Scope: OpenAI has struck individual agreements with some studios to block specific characters upon request.
No blanket exclusions: The company does not plan to accept portfolio-wide opt-outs; instead, it provided reporting links for item-level violations.
Copyright vs. Likeness: OpenAI’s Stated Boundary
OpenAI says it treats copyright and likeness differently. While copyrighted characters would require rightsholders to opt out, the updated Sora would not generate recognizable public figures without permission. Company leaders have described this separation as a core policy line.
Why This Move, and Why Now
Race for users: Model vendors are rapidly adding creative tools. Google recently connected its Veo 3 video generator to YouTube workflows.
Past signals: OpenAI’s image tool spurred style-based memes (e.g., “in the style of” well-known studios), revealing demand for familiar aesthetics.
Industry deals: News and media licensing is evolving; some outlets, including the publisher of the WSJ, have content agreements with OpenAI.
How Creators and Studios Are Likely to React
Creatives have pressed AI firms to seek consent and compensation for training and outputs. Legal scholars suggest the opt-out approach reflects a “permission later” posture amid intense competition. Rights owners worry about burden shifting: monitoring and reporting infringements rather than approving uses up-front.
Monitoring costs: Agencies received reporting links to flag violations—useful but reactive and resource-intensive.
Partial blocks: Character-specific guardrails may still leave other IP from the same catalog exposed unless individually listed.

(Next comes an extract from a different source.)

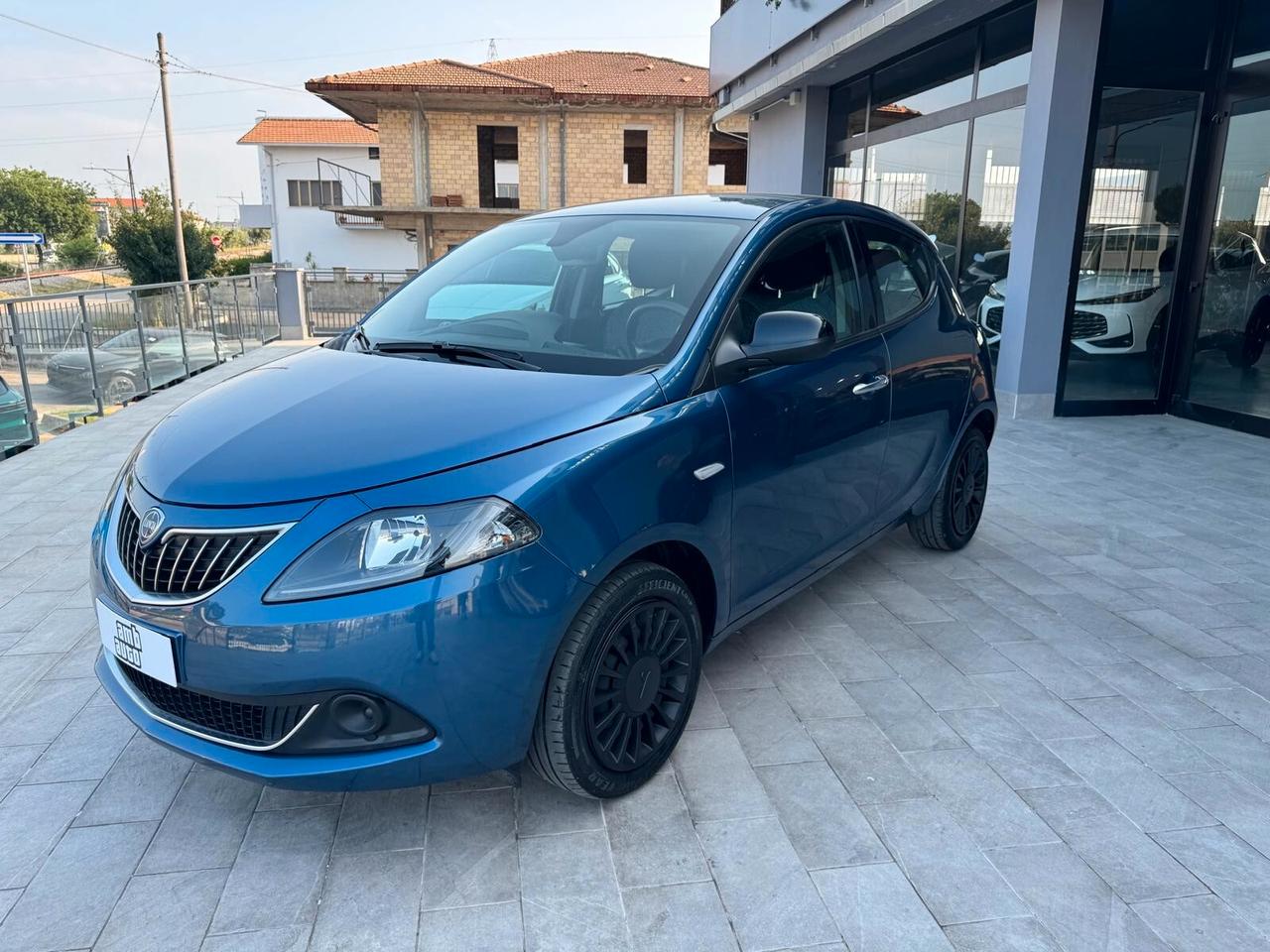 Lancia Ypsilon 1.0 FireFly 5 porte S&S Hybrid Silver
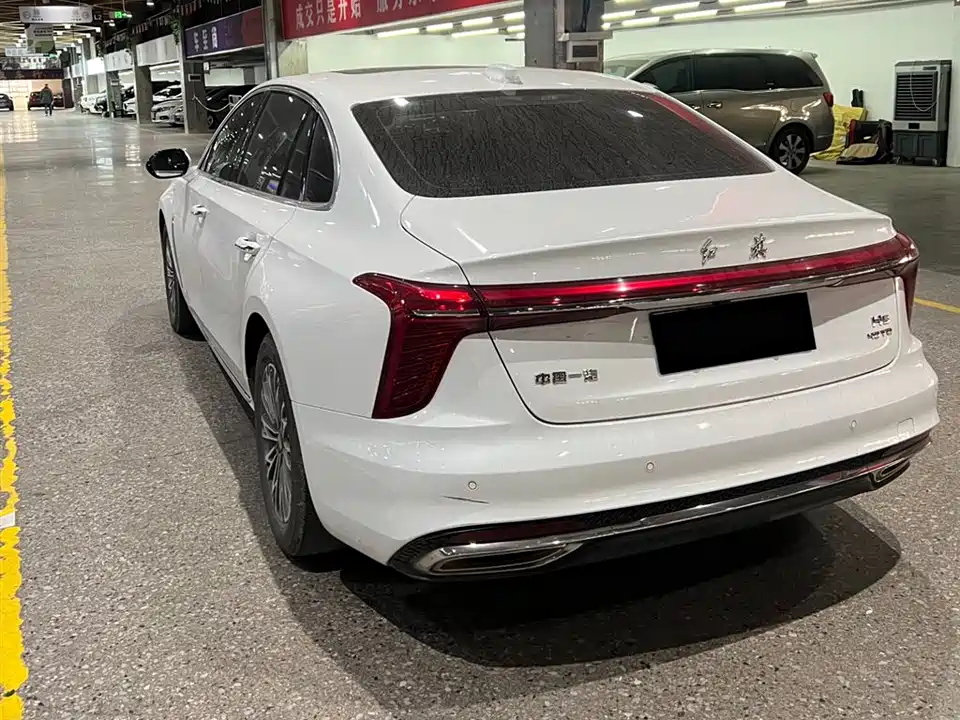 Hongqi H5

The Legal Backdrop: Fair Use, Training, and Outputs
Recent U.S. cases have treated certain training uses of copyrighted material as fair use when models transform inputs into something meaningfully different. Separate suits, including against image generators, continue to test the boundary between training, style emulation, and specific character depiction. Meanwhile, OpenAI and Google have urged policymakers to recognize training on copyrighted works as fair use, drawing backlash from Hollywood talent.
Training vs. output: Courts are parsing distinctions between ingesting works, reproducing characters, and producing similar “styles.”
Policy posture: The administration has signaled support for learning from published works while opposing direct copying or plagiarism.
Ongoing suits: Major studios have active litigation against other AI vendors over alleged misuse of protected catalogs.
Corporate Context and Timing
The update arrives as OpenAI seeks assurances from state attorneys general regarding a potential structural conversion toward a more traditional for-profit model—timelines that, according to prior reporting, matter to some investors. The company released the first Sora in December, enabling text-to-video generation at high definition.
What to Watch Next
Whether major studios pursue portfolio-level exclusions despite OpenAI’s item-level approach.
How Sora enforces character blocks and public-figure restrictions in practice.
Any new licensing deals that convert opt-outs into affirmative permissions or paid access.
Court rulings that refine the training–output boundary, especially for character depiction.